"""
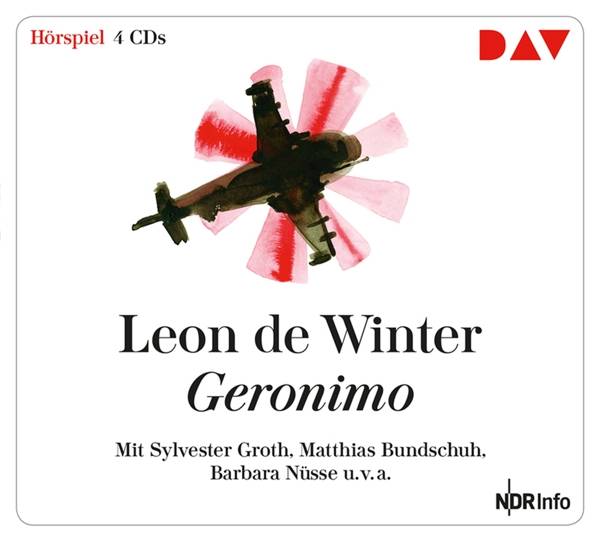 Geronimo, 4 Audio-CDs Hörspiel mit Sylvester Groth, Matthias Bundschuh, Barbara Nüsse u.v.a. (4 CDs), Hörspiel. CD Standard Audio Format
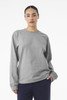 BELLA + CANVAS 4651 7.5 oz Heavyweight Long Sleeve Tee | Athletic Heather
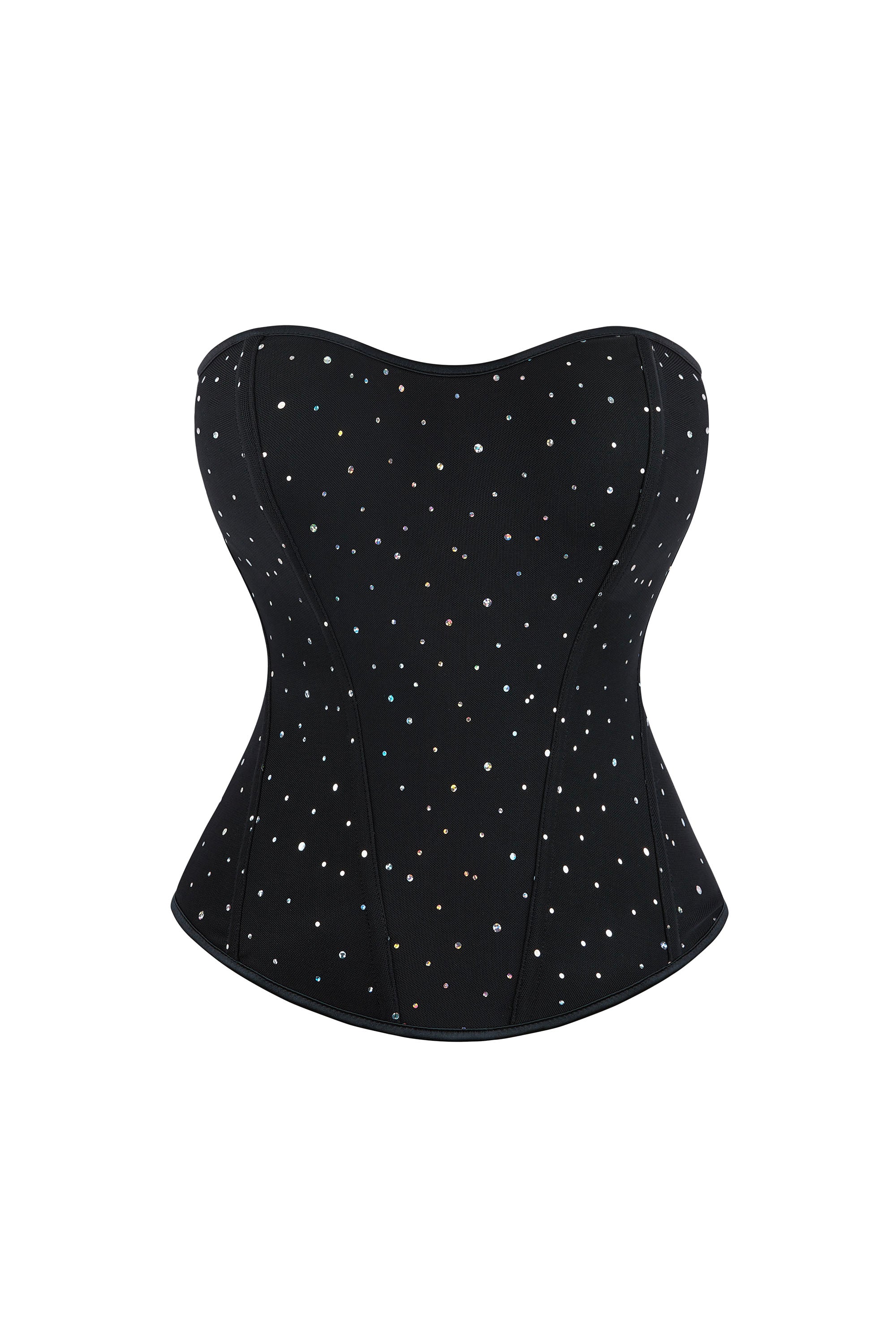 Rhinestone Glitter Corset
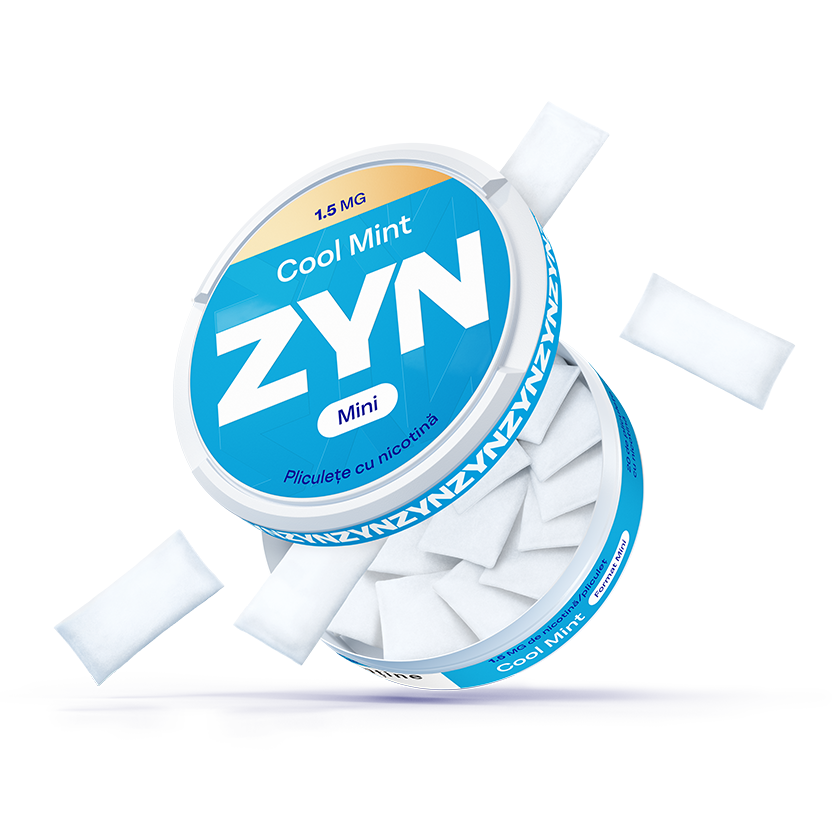Cutie ZYN Spearmint 1.5 mg, format mini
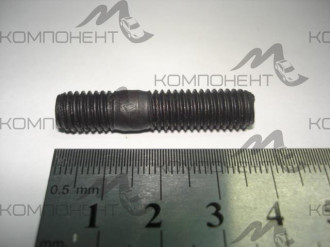 Шпилька М8*1,25*25 крепления приемной трубы РЗИ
"""
* WHAT TO DO
Repeat every record precisely. Any picture among them stays out of the copy.

* SOLUTION FOR THIS TASK
 Geronimo, 4 Audio-CDs Hörspiel mit Sylvester Groth, Matthias Bundschuh, Barbara Nüsse u.v.a. (4 CDs), Hörspiel. CD Standard Audio Format
 BELLA + CANVAS 4651 7.5 oz Heavyweight Long Sleeve Tee | Athletic Heather
 Rhinestone Glitter Corset
Cutie ZYN Spearmint 1.5 mg, format mini
 Шпилька М8*1,25*25 крепления приемной трубы РЗИ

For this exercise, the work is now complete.